Opinion

Required reading

The Unnamed

by Joshua Ferris (Little, Brown)

For a much-anticipated follow-up to his acclaimed debut, the office satire “Then We Came to the End,” Ferris takes a walk. High-powered Manhattan attorney Tim Farnsworth has it all: loving family, real estate, prestigious law partnership. But there’s disorder in the court when he comes down with a mysterious afflcition that causes him to drop whatever he’s doing and go for miles-long walks. Sometimes he stops from exhaustion, sometimes he calls his wife for a ride home. Ferris has created an unusual and original way to look at marriage and family, work and obsession.

The Last Train from Hiroshima

The Survivors Look Back

by Charles Pellegrino (Henry Holt)

The recent death of Tsutomu Yamaguchi, a rare survivor of the atomic bombings of Hiroshima and Nagasaki, makes it all the more urgent that survivors’ stories are heard. Parts of “Last Train” are, not surprisingly, difficult to read. One man describes the radiation sickness he immediately felt “like bites from a thousand little rats’ teeth.” Pelligrino interviewed 30 “double survivors,” including the last interview with Yamaguchi, who was at ground zero both times.
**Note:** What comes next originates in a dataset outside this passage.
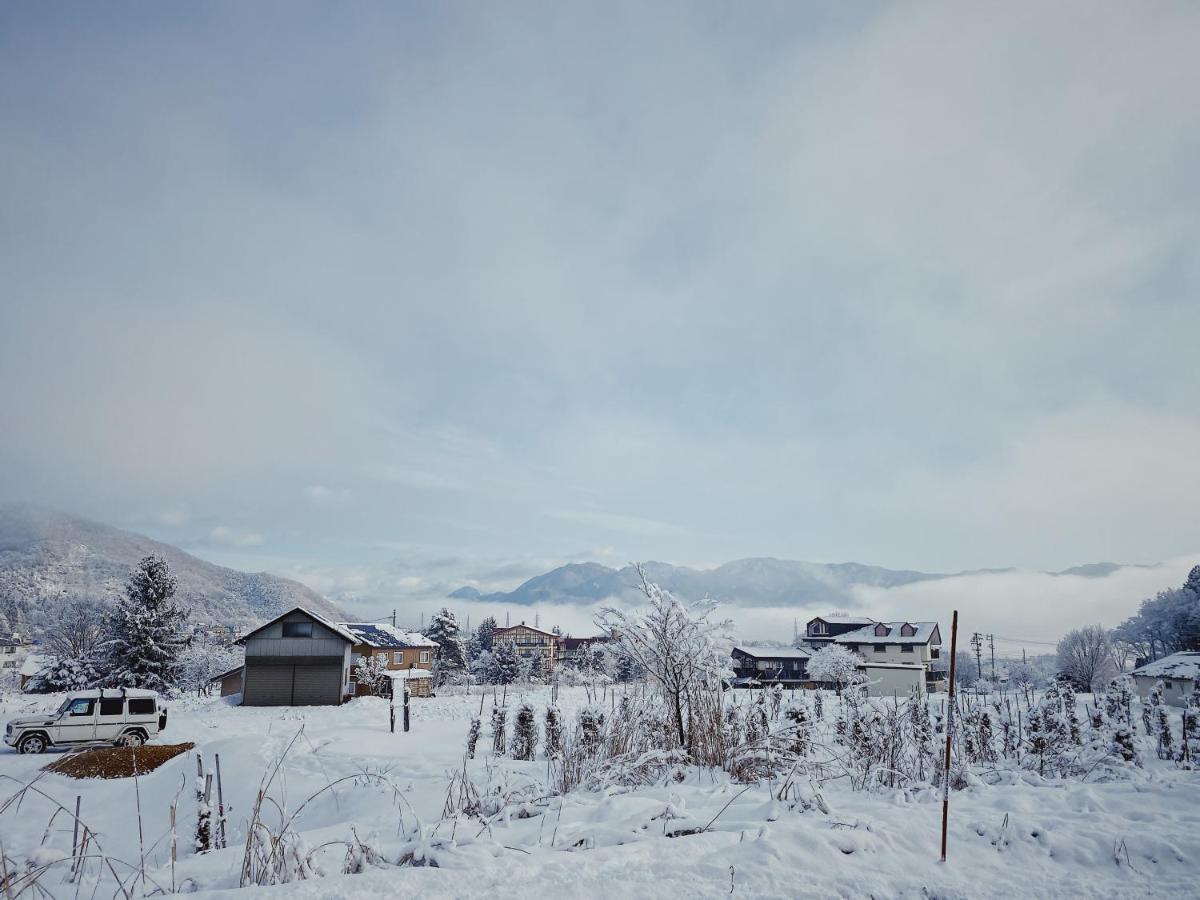 Apricot Pension Hakuba Zewnętrze zdjęcie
The Only Thing Worth Dying For

How Eleven Green Berets Forged a New Afghanistan

by Eric Blehm (HarperCollins)

Blehm’s real-life thriller follows the very start of the war with a brave small group of Special Operations forces battling al Qaeda in Afghanistan. They were dropped behind enemy lines and tasked with fomenting a tribal revolt to help defeat the Taliban. Joining forces with then little-known returning exile Hamid Karzai, they succeeded, but with all 11 men either dead or wounded. “The Only Thing” shows us what it’s like in Afghanistan’s harsh landscape and how our courageous troops do their job.

Princess Noire

The Tumultuous Reign of Nina Simone

by Nadine Cohodas (Pantheon)

Jazz and soul singer Nina Simone lived a tumultuous life during tumultuous times. Born Eunice Waymon, she adopted the stage name at 21, to keep her mother from discovering what kind of music she was singing. Simone came of age during the Civil Rights movement and was a devoted activist. Her music reflected that, with songs such as “Mississippi Goddam,” her response to Medgar Evans’ murder and the bombing of the Sixteenth Street Baptist Church.

Toy Instruments

Design, Nostalgia, Music

by Eric Schneider (Mark Batty Publisher)

Mostly a photo book, this 5-by-5-inch collection is full of wacky vintage electronic musical gizmos and gadgets made to appeal to kids, but now highly valued by grown-up collectors. Schneider is one of those collectors, admitting to owning at least 250 boxes of toy instruments. The toys include a circa-1954 “Electronovox Electronic Organ,” which transmitted through AM radios, and Mattel’s “Bee Gees Rhythm Machine” from 1978.